-- Data for review follows --

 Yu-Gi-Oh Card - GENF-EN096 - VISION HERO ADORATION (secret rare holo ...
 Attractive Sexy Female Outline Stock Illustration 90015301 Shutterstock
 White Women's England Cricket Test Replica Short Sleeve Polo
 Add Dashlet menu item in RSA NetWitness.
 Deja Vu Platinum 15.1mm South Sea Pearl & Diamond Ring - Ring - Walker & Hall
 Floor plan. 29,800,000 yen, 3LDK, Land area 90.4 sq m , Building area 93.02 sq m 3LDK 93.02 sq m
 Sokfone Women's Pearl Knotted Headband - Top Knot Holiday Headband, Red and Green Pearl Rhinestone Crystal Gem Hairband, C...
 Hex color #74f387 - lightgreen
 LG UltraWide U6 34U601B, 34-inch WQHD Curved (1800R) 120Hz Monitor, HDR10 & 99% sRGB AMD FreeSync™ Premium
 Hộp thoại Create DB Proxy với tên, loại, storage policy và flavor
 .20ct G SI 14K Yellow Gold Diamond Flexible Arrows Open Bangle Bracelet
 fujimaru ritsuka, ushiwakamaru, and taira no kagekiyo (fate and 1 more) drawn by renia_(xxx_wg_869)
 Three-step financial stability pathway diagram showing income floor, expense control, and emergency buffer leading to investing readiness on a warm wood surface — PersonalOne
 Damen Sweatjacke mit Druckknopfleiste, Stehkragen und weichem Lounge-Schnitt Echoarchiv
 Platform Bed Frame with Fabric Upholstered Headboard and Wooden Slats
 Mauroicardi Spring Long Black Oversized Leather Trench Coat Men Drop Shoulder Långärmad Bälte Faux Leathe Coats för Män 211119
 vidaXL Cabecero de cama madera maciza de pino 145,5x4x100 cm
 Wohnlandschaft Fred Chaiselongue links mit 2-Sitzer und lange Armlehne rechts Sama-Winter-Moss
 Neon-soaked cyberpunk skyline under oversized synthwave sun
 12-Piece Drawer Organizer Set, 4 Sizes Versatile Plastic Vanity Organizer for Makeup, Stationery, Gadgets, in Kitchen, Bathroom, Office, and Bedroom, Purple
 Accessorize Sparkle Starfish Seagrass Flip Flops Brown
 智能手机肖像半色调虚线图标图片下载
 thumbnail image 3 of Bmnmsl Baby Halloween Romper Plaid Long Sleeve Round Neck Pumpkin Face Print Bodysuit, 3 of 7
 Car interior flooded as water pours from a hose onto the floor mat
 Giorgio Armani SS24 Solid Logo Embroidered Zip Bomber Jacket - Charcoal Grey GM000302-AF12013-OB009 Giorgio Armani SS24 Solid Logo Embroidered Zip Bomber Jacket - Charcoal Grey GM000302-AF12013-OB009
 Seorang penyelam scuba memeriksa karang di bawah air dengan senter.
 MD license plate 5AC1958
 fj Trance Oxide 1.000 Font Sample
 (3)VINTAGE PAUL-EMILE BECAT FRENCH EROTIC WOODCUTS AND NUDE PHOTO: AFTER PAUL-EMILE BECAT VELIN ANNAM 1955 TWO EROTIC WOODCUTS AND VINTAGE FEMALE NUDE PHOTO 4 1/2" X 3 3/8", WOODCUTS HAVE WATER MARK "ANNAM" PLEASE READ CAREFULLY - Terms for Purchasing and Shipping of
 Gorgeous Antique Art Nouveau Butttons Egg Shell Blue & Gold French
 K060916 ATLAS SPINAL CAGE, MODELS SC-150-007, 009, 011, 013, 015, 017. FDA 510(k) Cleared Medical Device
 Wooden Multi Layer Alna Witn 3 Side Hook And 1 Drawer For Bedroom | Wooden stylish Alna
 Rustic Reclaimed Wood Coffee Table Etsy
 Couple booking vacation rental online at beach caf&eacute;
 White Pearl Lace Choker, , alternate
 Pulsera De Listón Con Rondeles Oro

-- Data for review concluded --

> **What you have to do**: Leave out every line above except those from the line with "Add Dashlet menu item in RSA NetWitness." up to and including the line with "Hex color #74f387 - lightgreen", and copy those exactly.

> **Exercise output**:
 Add Dashlet menu item in RSA NetWitness.
 Deja Vu Platinum 15.1mm South Sea Pearl & Diamond Ring - Ring - Walker & Hall
 Floor plan. 29,800,000 yen, 3LDK, Land area 90.4 sq m , Building area 93.02 sq m 3LDK 93.02 sq m
 Sokfone Women's Pearl Knotted Headband - Top Knot Holiday Headband, Red and Green Pearl Rhinestone Crystal Gem Hairband, C...
 Hex color #74f387 - lightgreen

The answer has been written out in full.